TASK GOAL: Word for word, restate the lines of the listing below from the line with "So, at any given" through the line with "Hey folks, welcome", and do not include the pictures.

STUDY MATERIAL:
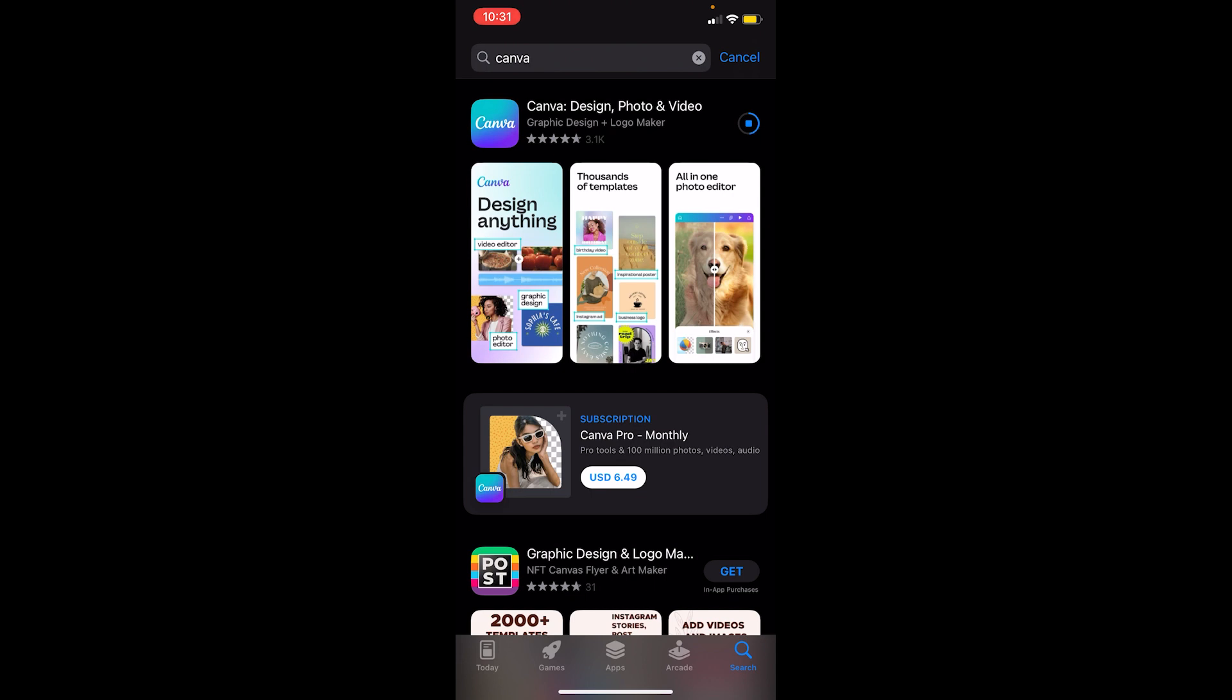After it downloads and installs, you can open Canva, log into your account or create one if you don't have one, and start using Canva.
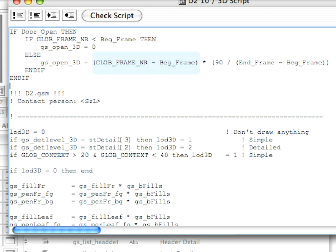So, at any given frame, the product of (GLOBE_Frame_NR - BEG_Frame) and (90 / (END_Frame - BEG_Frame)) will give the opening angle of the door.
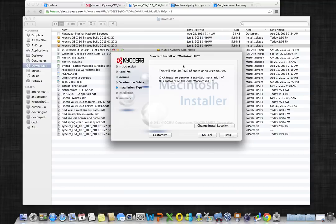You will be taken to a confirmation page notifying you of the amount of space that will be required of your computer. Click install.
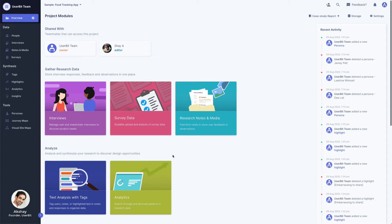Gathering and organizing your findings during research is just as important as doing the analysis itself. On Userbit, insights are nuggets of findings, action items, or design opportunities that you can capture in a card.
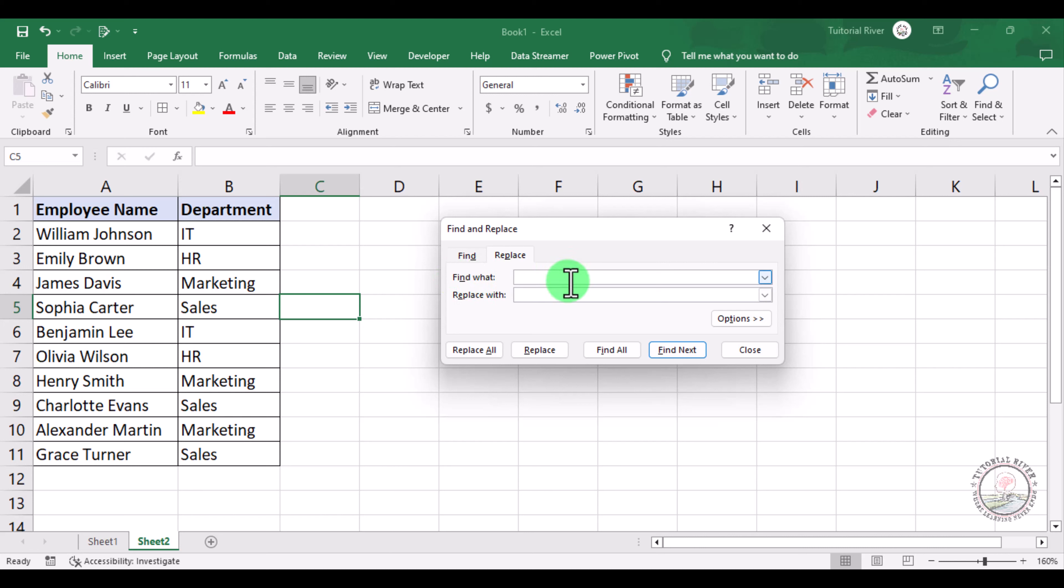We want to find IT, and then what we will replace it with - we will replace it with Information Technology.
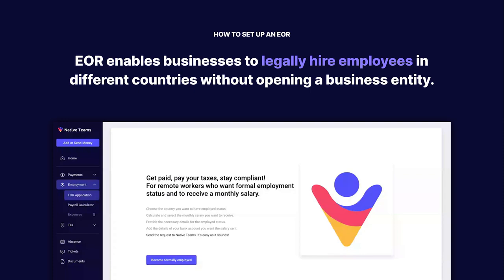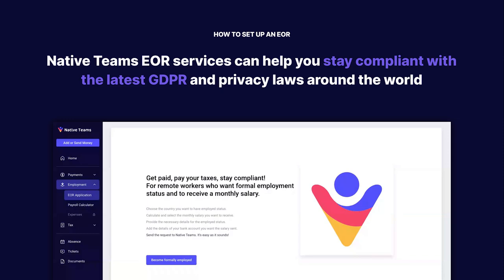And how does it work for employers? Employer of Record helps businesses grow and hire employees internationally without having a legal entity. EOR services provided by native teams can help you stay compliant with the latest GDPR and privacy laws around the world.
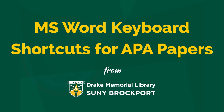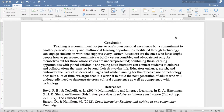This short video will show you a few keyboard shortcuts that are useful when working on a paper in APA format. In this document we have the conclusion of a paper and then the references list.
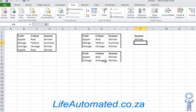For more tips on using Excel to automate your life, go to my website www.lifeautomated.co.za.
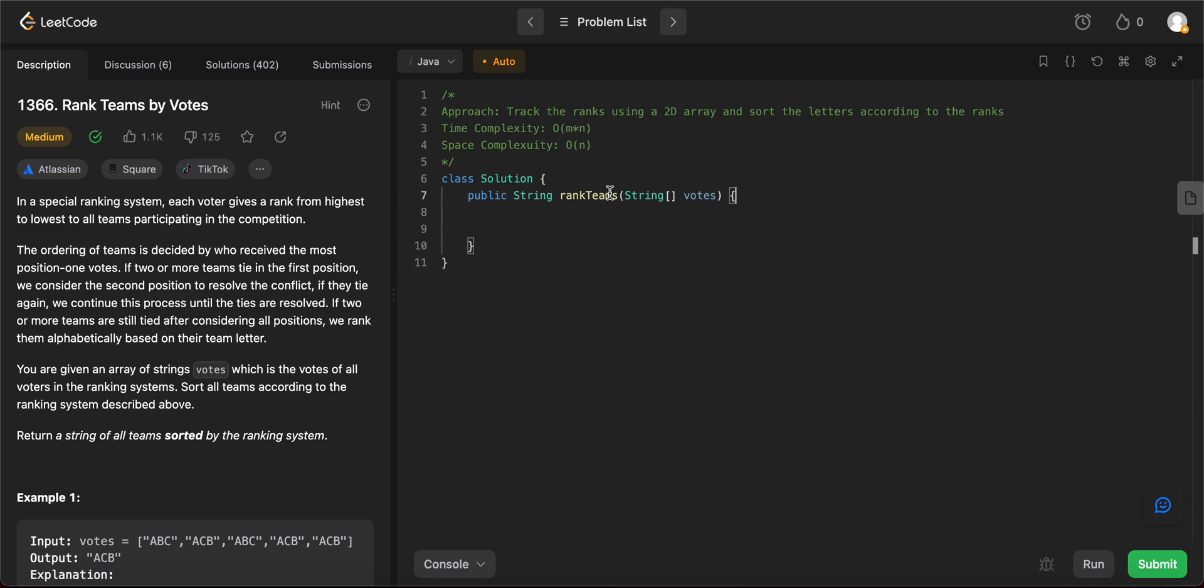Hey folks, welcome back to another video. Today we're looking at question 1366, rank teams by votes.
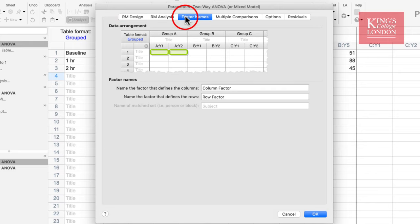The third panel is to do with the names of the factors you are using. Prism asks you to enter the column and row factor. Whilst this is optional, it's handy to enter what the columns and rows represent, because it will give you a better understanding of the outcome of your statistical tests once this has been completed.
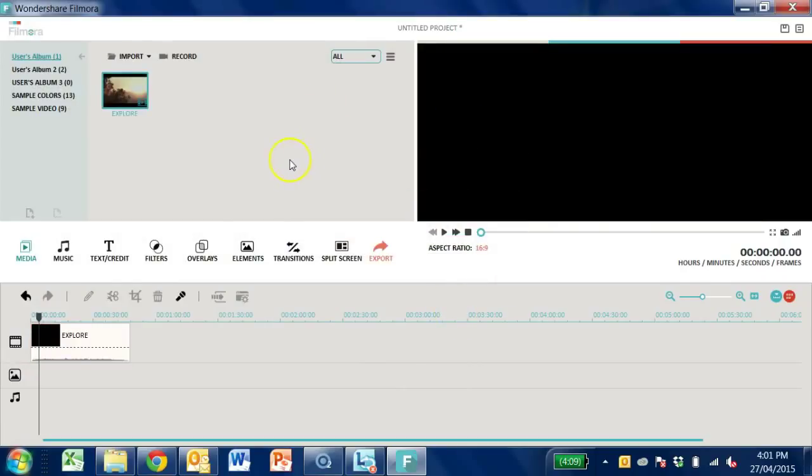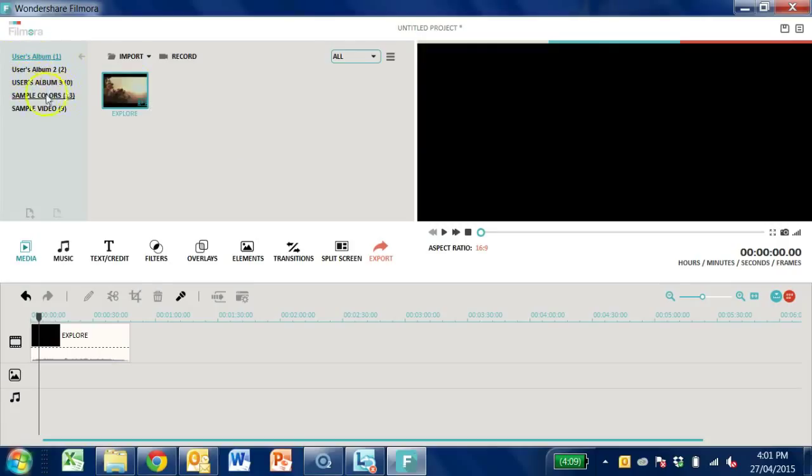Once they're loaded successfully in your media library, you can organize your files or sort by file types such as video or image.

TASK RESPONSE:
So, at any given frame, the product of (GLOBE_Frame_NR - BEG_Frame) and (90 / (END_Frame - BEG_Frame)) will give the opening angle of the door.
You will be taken to a confirmation page notifying you of the amount of space that will be required of your computer. Click install.
Gathering and organizing your findings during research is just as important as doing the analysis itself. On Userbit, insights are nuggets of findings, action items, or design opportunities that you can capture in a card.
We want to find IT, and then what we will replace it with - we will replace it with Information Technology.
And how does it work for employers? Employer of Record helps businesses grow and hire employees internationally without having a legal entity. EOR services provided by native teams can help you stay compliant with the latest GDPR and privacy laws around the world.
This short video will show you a few keyboard shortcuts that are useful when working on a paper in APA format. In this document we have the conclusion of a paper and then the references list.
For more tips on using Excel to automate your life, go to my website www.lifeautomated.co.za.
Hey folks, welcome back to another video. Today we're looking at question 1366, rank teams by votes.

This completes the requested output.